国連が指摘している通り、世界の食料配分は偏っている。飽食の先進国と飢餓の地域もある途上国。だがそもそも、食料は重量がかさみ、保存にも限りがあるなど、取り扱いが難しい。豊かな食環境を広げていくためには、食料の需要者と供給者をうまく結びつけたうえで、適切に行き渡らせる工夫が要る。天候から将来の食品の需要を予測したり、保存や輸送のボトルネックを解消したりする日本発の動きが広がっている。
「原料をこの地域でつくっているが、大丈夫だろうか」。東京都豊島区のサンシャイン60に入る日本気象協会。サプライチェーンが混乱するコロナ禍で、原料の仕入れを不安視する食品メーカーから頻繁に問い合わせが入っている。

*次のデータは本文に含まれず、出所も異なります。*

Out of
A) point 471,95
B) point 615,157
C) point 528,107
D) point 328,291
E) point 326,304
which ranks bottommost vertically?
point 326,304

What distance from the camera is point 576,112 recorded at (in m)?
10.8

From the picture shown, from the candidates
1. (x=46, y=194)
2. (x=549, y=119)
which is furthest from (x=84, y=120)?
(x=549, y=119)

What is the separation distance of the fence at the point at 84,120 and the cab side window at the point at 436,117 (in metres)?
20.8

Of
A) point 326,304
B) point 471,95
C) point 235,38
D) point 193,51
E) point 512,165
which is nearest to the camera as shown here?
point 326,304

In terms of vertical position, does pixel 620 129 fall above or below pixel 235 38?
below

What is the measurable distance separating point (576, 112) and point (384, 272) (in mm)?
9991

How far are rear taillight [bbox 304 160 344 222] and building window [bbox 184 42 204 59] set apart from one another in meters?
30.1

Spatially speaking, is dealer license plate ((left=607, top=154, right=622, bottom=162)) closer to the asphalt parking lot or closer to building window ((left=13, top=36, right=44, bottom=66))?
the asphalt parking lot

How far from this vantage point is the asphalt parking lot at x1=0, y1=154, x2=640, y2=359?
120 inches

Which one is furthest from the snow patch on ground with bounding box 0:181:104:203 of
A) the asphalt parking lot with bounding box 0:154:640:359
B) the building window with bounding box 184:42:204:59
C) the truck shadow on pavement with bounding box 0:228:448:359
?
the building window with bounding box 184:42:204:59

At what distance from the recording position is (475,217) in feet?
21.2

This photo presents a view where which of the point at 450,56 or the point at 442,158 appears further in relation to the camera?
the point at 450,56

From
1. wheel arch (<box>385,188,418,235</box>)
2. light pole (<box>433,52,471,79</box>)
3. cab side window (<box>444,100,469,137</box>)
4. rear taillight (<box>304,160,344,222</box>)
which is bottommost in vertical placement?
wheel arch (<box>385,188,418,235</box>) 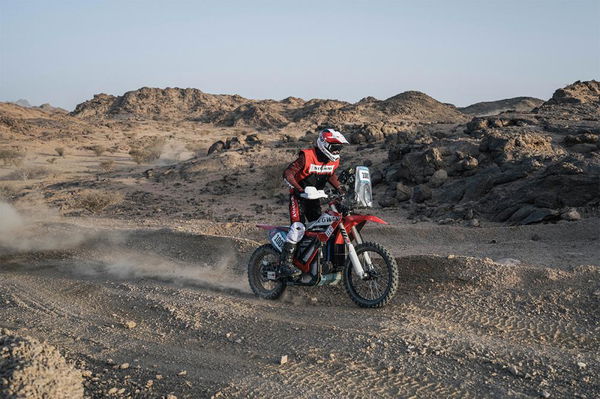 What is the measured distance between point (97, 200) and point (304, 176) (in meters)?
13.6

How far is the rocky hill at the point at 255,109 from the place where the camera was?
48.0 metres

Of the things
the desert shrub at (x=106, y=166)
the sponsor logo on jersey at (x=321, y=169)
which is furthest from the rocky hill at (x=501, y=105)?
the sponsor logo on jersey at (x=321, y=169)

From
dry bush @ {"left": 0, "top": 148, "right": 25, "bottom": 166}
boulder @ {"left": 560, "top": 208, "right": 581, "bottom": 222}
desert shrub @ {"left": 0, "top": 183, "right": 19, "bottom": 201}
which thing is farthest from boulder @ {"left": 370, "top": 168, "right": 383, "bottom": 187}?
dry bush @ {"left": 0, "top": 148, "right": 25, "bottom": 166}

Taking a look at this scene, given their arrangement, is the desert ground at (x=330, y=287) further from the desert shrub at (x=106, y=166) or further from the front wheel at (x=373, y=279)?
the desert shrub at (x=106, y=166)

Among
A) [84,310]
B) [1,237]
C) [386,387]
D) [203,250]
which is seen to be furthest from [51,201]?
[386,387]

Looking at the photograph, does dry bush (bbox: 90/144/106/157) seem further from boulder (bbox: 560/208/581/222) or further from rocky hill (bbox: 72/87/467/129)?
boulder (bbox: 560/208/581/222)

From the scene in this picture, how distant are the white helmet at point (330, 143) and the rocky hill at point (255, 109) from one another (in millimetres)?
32739

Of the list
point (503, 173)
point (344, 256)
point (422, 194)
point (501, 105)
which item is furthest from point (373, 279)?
point (501, 105)

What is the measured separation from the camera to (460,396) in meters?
4.75

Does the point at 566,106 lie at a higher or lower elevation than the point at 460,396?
higher

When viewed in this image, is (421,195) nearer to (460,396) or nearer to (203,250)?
(203,250)

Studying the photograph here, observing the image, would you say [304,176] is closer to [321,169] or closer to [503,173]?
[321,169]

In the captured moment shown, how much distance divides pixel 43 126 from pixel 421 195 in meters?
39.4

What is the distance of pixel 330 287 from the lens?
7957mm
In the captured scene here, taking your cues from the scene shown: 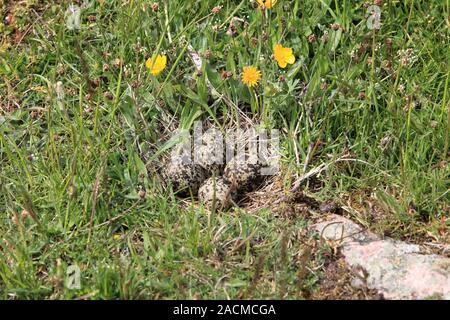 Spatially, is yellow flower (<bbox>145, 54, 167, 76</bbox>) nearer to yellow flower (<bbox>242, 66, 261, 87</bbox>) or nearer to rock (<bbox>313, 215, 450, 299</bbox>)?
yellow flower (<bbox>242, 66, 261, 87</bbox>)

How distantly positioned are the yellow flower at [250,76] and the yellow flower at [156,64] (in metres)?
0.41

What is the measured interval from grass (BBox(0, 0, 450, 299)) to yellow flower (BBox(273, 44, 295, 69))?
0.08 meters

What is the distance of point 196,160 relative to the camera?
3926mm

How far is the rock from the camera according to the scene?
330cm

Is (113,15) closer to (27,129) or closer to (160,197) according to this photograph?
(27,129)

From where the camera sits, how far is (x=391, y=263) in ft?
11.2

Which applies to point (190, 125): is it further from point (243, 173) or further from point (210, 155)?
point (243, 173)

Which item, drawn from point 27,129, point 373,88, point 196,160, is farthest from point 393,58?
point 27,129

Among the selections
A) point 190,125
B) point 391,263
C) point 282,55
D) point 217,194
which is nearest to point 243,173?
point 217,194

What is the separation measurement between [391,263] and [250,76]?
1.18m

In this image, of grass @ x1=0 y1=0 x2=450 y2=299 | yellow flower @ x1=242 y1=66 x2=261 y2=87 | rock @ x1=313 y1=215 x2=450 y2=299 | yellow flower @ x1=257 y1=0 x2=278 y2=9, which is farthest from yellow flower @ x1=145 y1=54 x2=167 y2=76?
rock @ x1=313 y1=215 x2=450 y2=299

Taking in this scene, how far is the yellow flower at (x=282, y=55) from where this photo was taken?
158 inches

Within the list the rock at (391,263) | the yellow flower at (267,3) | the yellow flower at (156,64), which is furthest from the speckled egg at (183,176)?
the yellow flower at (267,3)

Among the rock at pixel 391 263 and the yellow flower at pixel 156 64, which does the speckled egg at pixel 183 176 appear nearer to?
the yellow flower at pixel 156 64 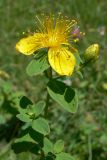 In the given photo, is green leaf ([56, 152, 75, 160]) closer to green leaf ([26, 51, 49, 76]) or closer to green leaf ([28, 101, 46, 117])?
green leaf ([28, 101, 46, 117])

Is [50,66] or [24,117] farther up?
[50,66]

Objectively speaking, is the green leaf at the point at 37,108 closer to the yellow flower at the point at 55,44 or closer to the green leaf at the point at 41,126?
the green leaf at the point at 41,126

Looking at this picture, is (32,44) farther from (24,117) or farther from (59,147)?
(59,147)

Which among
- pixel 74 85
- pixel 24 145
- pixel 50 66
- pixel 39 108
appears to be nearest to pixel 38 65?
pixel 50 66

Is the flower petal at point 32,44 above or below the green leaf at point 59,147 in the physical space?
above

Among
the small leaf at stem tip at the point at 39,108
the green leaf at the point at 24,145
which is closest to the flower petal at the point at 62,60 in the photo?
the small leaf at stem tip at the point at 39,108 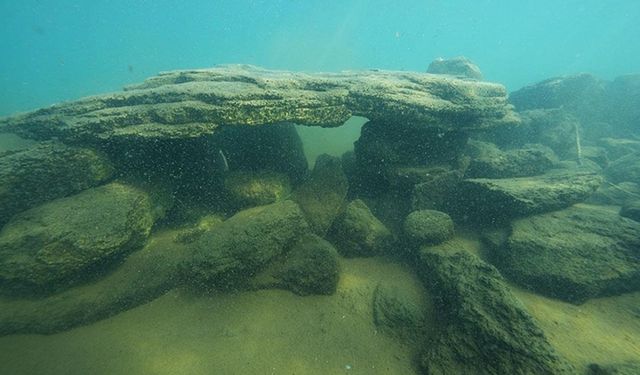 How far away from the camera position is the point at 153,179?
231 inches

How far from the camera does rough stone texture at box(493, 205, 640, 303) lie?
4793 mm

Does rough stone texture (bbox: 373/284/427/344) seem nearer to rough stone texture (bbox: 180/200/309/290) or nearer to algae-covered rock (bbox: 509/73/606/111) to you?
rough stone texture (bbox: 180/200/309/290)

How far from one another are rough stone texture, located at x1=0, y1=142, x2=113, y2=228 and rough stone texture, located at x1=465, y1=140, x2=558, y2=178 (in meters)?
7.74

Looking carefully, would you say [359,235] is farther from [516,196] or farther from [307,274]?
[516,196]

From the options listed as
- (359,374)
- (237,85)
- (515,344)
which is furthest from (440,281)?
(237,85)

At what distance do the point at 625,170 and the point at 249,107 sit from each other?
11.2 metres

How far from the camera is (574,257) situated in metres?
4.98

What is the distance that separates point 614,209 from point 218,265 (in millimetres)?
8632

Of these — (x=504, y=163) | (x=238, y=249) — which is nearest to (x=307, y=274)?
(x=238, y=249)

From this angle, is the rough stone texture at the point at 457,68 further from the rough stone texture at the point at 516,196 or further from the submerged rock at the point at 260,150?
the submerged rock at the point at 260,150

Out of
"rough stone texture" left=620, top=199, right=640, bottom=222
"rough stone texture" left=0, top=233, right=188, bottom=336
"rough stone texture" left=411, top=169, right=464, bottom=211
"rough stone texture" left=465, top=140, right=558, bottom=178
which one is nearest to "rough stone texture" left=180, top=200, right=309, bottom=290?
"rough stone texture" left=0, top=233, right=188, bottom=336

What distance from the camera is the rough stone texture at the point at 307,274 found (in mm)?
4723

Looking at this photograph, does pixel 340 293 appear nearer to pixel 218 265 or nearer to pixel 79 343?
pixel 218 265

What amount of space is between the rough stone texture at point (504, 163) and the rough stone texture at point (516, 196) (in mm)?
784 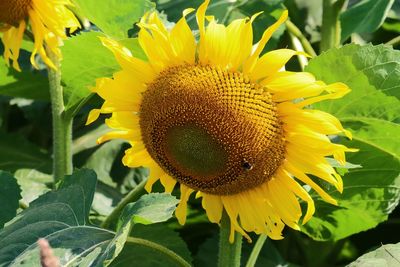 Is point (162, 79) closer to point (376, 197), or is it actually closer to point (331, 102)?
point (331, 102)

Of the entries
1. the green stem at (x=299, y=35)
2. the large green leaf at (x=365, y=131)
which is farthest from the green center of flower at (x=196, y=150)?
the green stem at (x=299, y=35)

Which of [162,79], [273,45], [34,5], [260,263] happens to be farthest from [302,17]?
[162,79]

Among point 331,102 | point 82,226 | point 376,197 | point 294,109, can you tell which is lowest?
point 376,197

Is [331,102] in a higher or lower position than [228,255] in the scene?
higher

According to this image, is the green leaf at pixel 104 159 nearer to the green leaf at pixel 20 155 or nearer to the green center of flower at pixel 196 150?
the green leaf at pixel 20 155

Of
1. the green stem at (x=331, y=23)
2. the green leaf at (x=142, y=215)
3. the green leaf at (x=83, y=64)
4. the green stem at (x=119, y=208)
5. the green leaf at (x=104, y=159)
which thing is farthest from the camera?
the green leaf at (x=104, y=159) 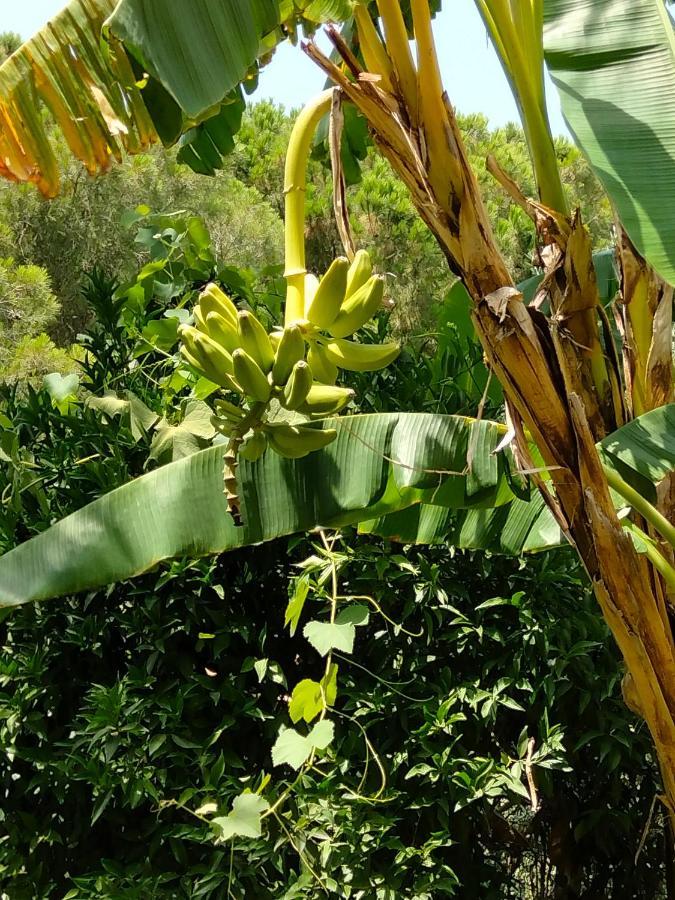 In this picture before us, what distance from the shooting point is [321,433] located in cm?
109

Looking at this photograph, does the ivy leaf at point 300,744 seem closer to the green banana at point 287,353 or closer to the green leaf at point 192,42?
the green banana at point 287,353

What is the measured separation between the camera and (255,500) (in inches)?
58.7

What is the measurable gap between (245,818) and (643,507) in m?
0.84

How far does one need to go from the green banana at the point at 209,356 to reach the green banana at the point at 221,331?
14mm

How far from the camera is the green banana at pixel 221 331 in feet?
3.48

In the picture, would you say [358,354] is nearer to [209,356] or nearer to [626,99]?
[209,356]

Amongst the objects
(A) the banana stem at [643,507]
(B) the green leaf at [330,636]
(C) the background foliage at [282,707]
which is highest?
(A) the banana stem at [643,507]

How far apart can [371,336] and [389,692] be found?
835mm

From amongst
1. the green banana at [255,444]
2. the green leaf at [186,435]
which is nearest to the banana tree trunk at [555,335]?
the green banana at [255,444]

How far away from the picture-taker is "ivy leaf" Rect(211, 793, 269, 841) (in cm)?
144

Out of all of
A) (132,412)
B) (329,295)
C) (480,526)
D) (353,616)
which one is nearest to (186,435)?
(132,412)

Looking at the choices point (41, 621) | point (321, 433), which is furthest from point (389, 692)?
point (321, 433)

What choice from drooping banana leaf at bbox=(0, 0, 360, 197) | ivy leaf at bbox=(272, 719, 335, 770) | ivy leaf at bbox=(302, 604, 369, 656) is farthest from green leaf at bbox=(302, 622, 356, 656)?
drooping banana leaf at bbox=(0, 0, 360, 197)

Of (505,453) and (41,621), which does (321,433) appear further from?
(41,621) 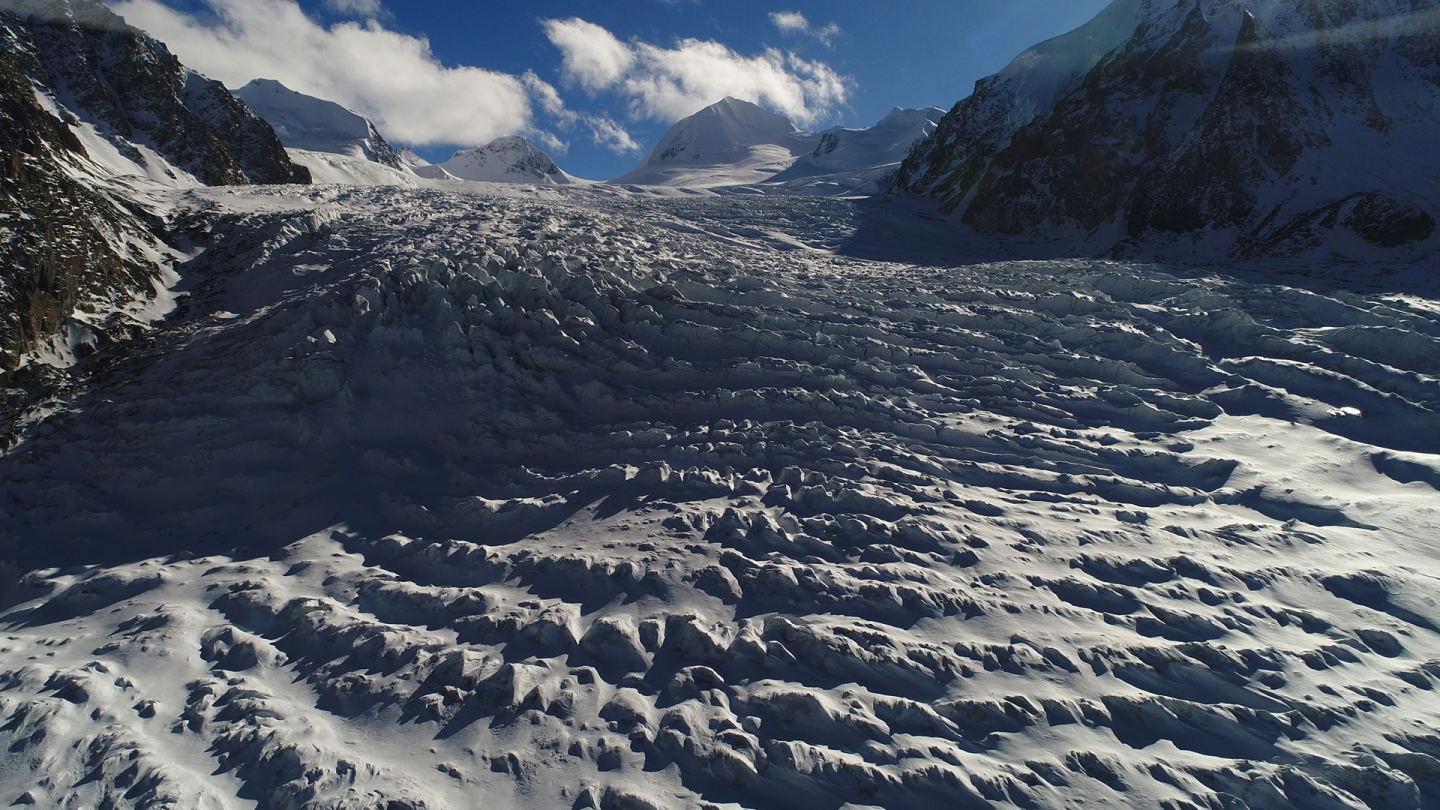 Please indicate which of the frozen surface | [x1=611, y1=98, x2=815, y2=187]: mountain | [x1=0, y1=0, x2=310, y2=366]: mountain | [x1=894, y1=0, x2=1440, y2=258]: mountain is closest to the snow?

日々の天気予報を流すのが日本気象協会の仕事だが、2017年度から企業向けに「商品需要予測事業」を始めた。天候の予測をもとに、ある商品がどの時期にどの程度売れるかを割り出す。短期(日単位)、中期(週単位、15週先まで)、長期(月単位、6カ月先まで)の気候データを提供したうえで、コンサルティングを手掛ける。顧客である企業はその情報を調達や商品の陳列に生かす。